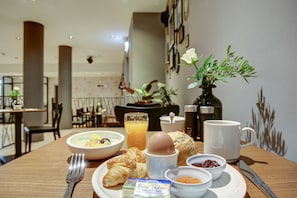 A breakfast table with croissants, eggs, juice, and condiments.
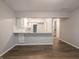 Open-concept living area featuring wood-look floors and a breakfast bar leading to the kitchen at 4268 Foxglove Trce, Indianapolis, IN 46237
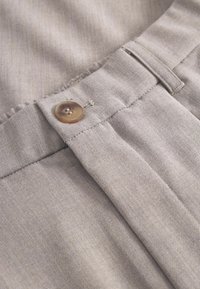 Grau melierte Stoffhose mit sichtbarer Textur, ausgestattet mit einem Knopfverschluss aus hellbraunem Material und einem gefalteten Vorderdesign.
□ □ □
Output the data above in full and exactly, with every image left out.

 A breakfast table with croissants, eggs, juice, and condiments.
 Open-concept living area featuring wood-look floors and a breakfast bar leading to the kitchen at 4268 Foxglove Trce, Indianapolis, IN 46237
 Grau melierte Stoffhose mit sichtbarer Textur, ausgestattet mit einem Knopfverschluss aus hellbraunem Material und einem gefalteten Vorderdesign.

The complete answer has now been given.